Regional economic benefits over the life of the project are projected to include creation of 26,800 new full time equivalent jobs; $700 million per year in additional household income; and $2.6 billion in joint development opportunities for the corridor communities.
Over 2 million riders per year on the Columbus-Chicago rail corridor are projected after a 12- to 24-month start-up period. At the end of 2012, the Midwest Interstate Passenger Rail Commission reported that ridership on Amtrak “corridor” service within the Midwest once again experienced record growth during fiscal year 2012. Total ridership on the nine routes grew by 3.5 percent over the previous year; during the past five years, corridor service ridership in the Midwest has risen 35 percent.
Currently, the 1.9 million Columbus metropolitan area population is the largest in the U.S. that is not served by any type of passenger rail. Fort Wayne, located midway between Columbus and Chicago, represents the largest city in Indiana without any form of passenger rail service. Columbus is the 15th-largest U.S. city and Chicago is the third-largest.
Geoff Paddock, a Fort Wayne City Councilman and a founding member of the NIPRA Board of Directors, noted “The economic impact for Indiana is substantial. We could see thousands of new jobs for Hoosiers in the northern third of our state, and hundreds added here in Fort Wayne,” he said. “The addition of passenger rail is a critical transportation link to the east and west. Train service would also encourage more tourism in this area of the state, make development in the downtown area more attractive for investors, and give an opportunity to get more people from the train station to the Fort Wayne International Airport, by way of Citilink bus service,” he added.
Chicago, with its MSA population of 9.5 million, is the economic and transportation hub of the $2.8 trillion regional economy (including the nine states of the Midwestern Regional Rail Initiative: Illinois, Indiana, Iowa, Michigan, Minnesota, Missouri, Nebraska, Ohio and Wisconsin). A half million jobs lie within a two-mile radius of Chicago’s Union Station, the western terminus of the rail corridor project.
Fort Wayne Mayor Tom Henry noted, “The Business Plan for the Chicago – Columbus corridor shows that the time is right for investing in our community and in our State. Cities throughout the Midwest are seeking better business connections to and from Chicago, and with each other.

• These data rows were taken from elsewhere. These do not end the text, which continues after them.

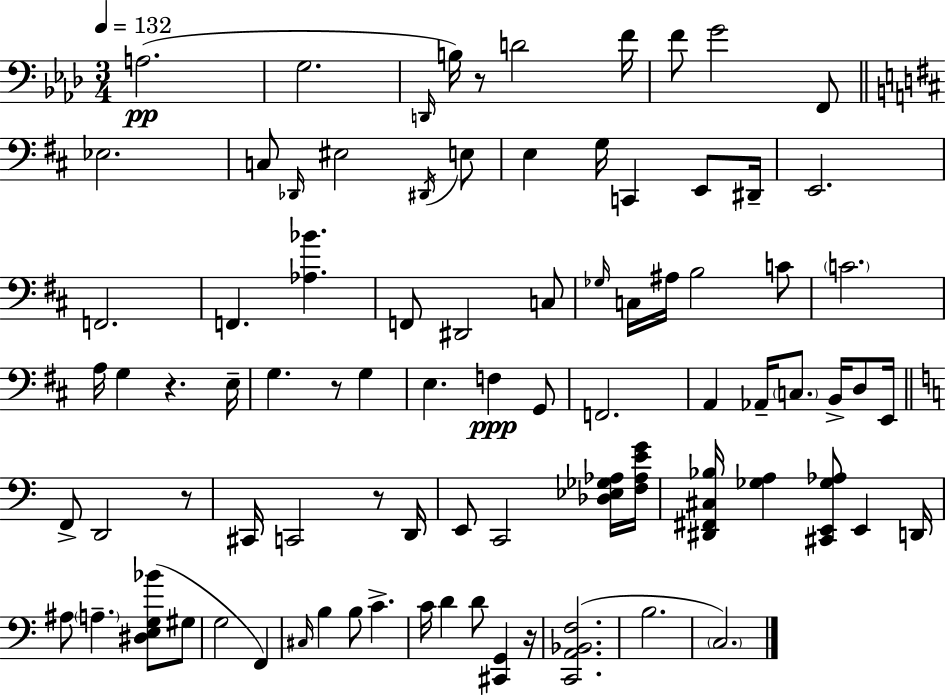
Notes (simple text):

A3/h. G3/h. D2/s B3/s R/e D4/h F4/s F4/e G4/h F2/e Eb3/h. C3/e Db2/s EIS3/h D#2/s E3/e E3/q G3/s C2/q E2/e D#2/s E2/h. F2/h. F2/q. [Ab3,Bb4]/q. F2/e D#2/h C3/e Gb3/s C3/s A#3/s B3/h C4/e C4/h. A3/s G3/q R/q. E3/s G3/q. R/e G3/q E3/q. F3/q G2/e F2/h. A2/q Ab2/s C3/e. B2/s D3/e E2/s F2/e D2/h R/e C#2/s C2/h R/e D2/s E2/e C2/h [Db3,Eb3,Gb3,Ab3]/s [F3,Ab3,E4,G4]/s [D#2,F#2,C#3,Bb3]/s [Gb3,A3]/q [C#2,E2,Gb3,Ab3]/e E2/q D2/s A#3/e A3/q. [D#3,E3,G3,Bb4]/e G#3/e G3/h F2/q C#3/s B3/q B3/e C4/q. C4/s D4/q D4/e [C#2,G2]/q R/s [C2,A2,Bb2,F3]/h. B3/h. C3/h.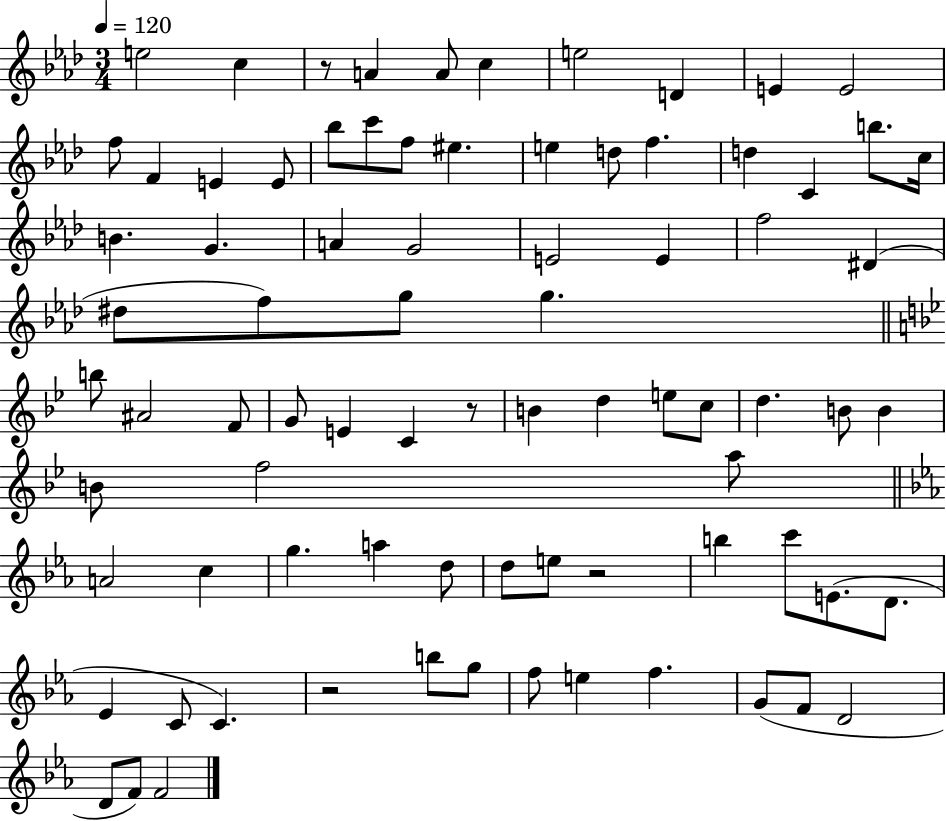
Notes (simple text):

E5/h C5/q R/e A4/q A4/e C5/q E5/h D4/q E4/q E4/h F5/e F4/q E4/q E4/e Bb5/e C6/e F5/e EIS5/q. E5/q D5/e F5/q. D5/q C4/q B5/e. C5/s B4/q. G4/q. A4/q G4/h E4/h E4/q F5/h D#4/q D#5/e F5/e G5/e G5/q. B5/e A#4/h F4/e G4/e E4/q C4/q R/e B4/q D5/q E5/e C5/e D5/q. B4/e B4/q B4/e F5/h A5/e A4/h C5/q G5/q. A5/q D5/e D5/e E5/e R/h B5/q C6/e E4/e. D4/e. Eb4/q C4/e C4/q. R/h B5/e G5/e F5/e E5/q F5/q. G4/e F4/e D4/h D4/e F4/e F4/h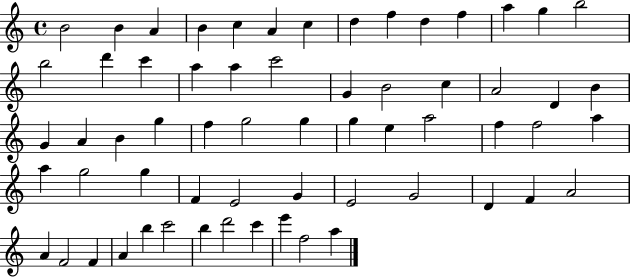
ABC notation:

X:1
T:Untitled
M:4/4
L:1/4
K:C
B2 B A B c A c d f d f a g b2 b2 d' c' a a c'2 G B2 c A2 D B G A B g f g2 g g e a2 f f2 a a g2 g F E2 G E2 G2 D F A2 A F2 F A b c'2 b d'2 c' e' f2 a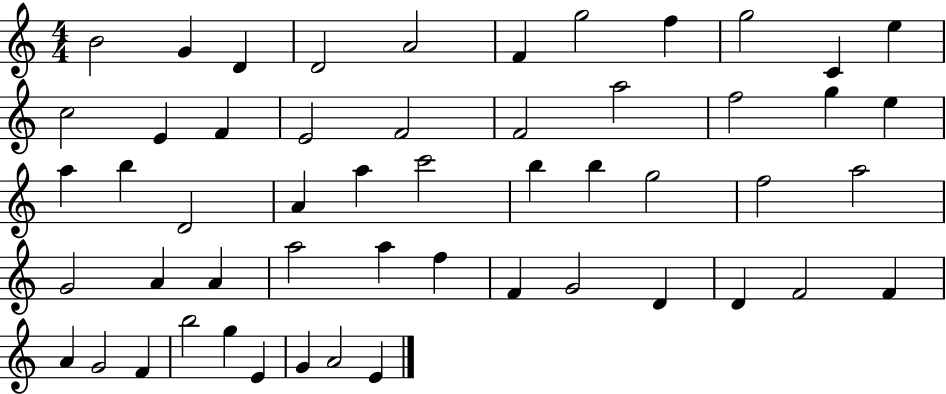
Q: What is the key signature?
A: C major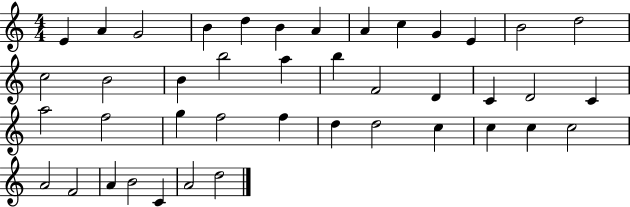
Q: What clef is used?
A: treble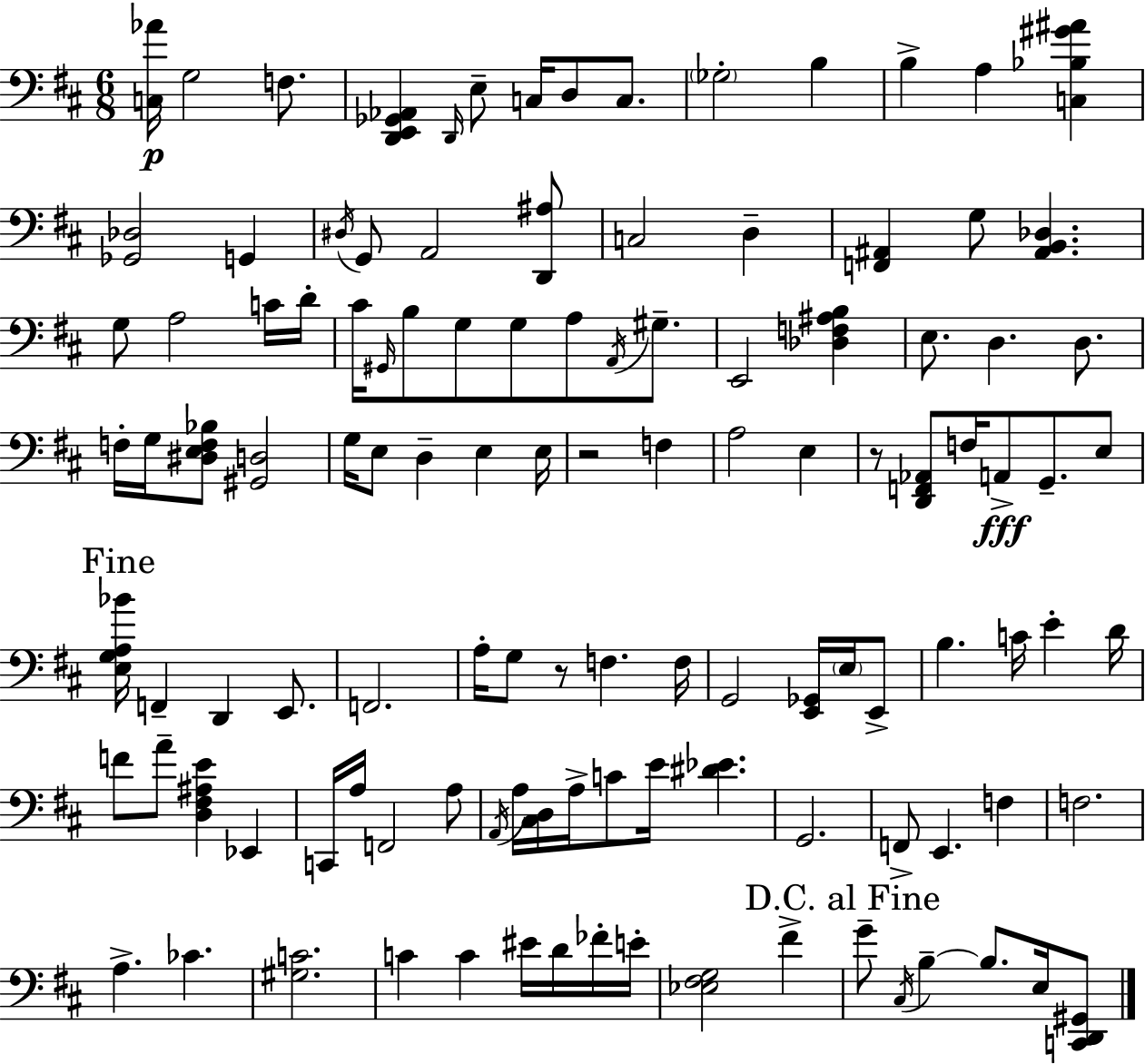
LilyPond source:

{
  \clef bass
  \numericTimeSignature
  \time 6/8
  \key d \major
  <c aes'>16\p g2 f8. | <d, e, ges, aes,>4 \grace { d,16 } e8-- c16 d8 c8. | \parenthesize ges2-. b4 | b4-> a4 <c bes gis' ais'>4 | \break <ges, des>2 g,4 | \acciaccatura { dis16 } g,8 a,2 | <d, ais>8 c2 d4-- | <f, ais,>4 g8 <ais, b, des>4. | \break g8 a2 | c'16 d'16-. cis'16 \grace { gis,16 } b8 g8 g8 a8 | \acciaccatura { a,16 } gis8.-- e,2 | <des f ais b>4 e8. d4. | \break d8. f16-. g16 <dis e f bes>8 <gis, d>2 | g16 e8 d4-- e4 | e16 r2 | f4 a2 | \break e4 r8 <d, f, aes,>8 f16 a,8->\fff g,8.-- | e8 \mark "Fine" <e g a bes'>16 f,4-- d,4 | e,8. f,2. | a16-. g8 r8 f4. | \break f16 g,2 | <e, ges,>16 \parenthesize e16 e,8-> b4. c'16 e'4-. | d'16 f'8 a'8-- <d fis ais e'>4 | ees,4 c,16 a16 f,2 | \break a8 \acciaccatura { a,16 } a16 <cis d>16 a16-> c'8 e'16 <dis' ees'>4. | g,2. | f,8-> e,4. | f4 f2. | \break a4.-> ces'4. | <gis c'>2. | c'4 c'4 | eis'16 d'16 fes'16-. e'16-. <ees fis g>2 | \break fis'4-> \mark "D.C. al Fine" g'8-- \acciaccatura { cis16 } b4--~~ | b8. e16 <c, d, gis,>8 \bar "|."
}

Our cooperation as cities located on this strategic interstate corridor, will allow us to share in the significant economic benefits of daily high-speed rail travel.”
Mayor Henry thanked fellow elected officials Lima Mayor David Berger; Columbus Mayor Michael Coleman; Warsaw Mayor Joseph Thallemer; New Haven Mayor Terry McDonald; and Allen County Indiana Commissioners Linda Bloom, Therese Brown, and Nelson Peters for their support in funding the completion of the feasibility study/business plan for the 300-mile corridor. Other groups supporting the funding of the Feasibility Study/Business Plan included the Lima Community Foundation; the Orthopedics Capital Foundation, Inc. (Warsaw, Indiana); the Warsaw Kosciusko County Convention and Visitors Bureau; the Warsaw / Kosciusko County Chamber of Commerce; Steel Dynamics, Inc.; the Community Foundation of Greater Fort Wayne; and Indiana Michigan Power.
The proposed next step for the development of the rail corridor is a “Tier One” Environmental Impact Study for which the corridor cities are now identifying funding.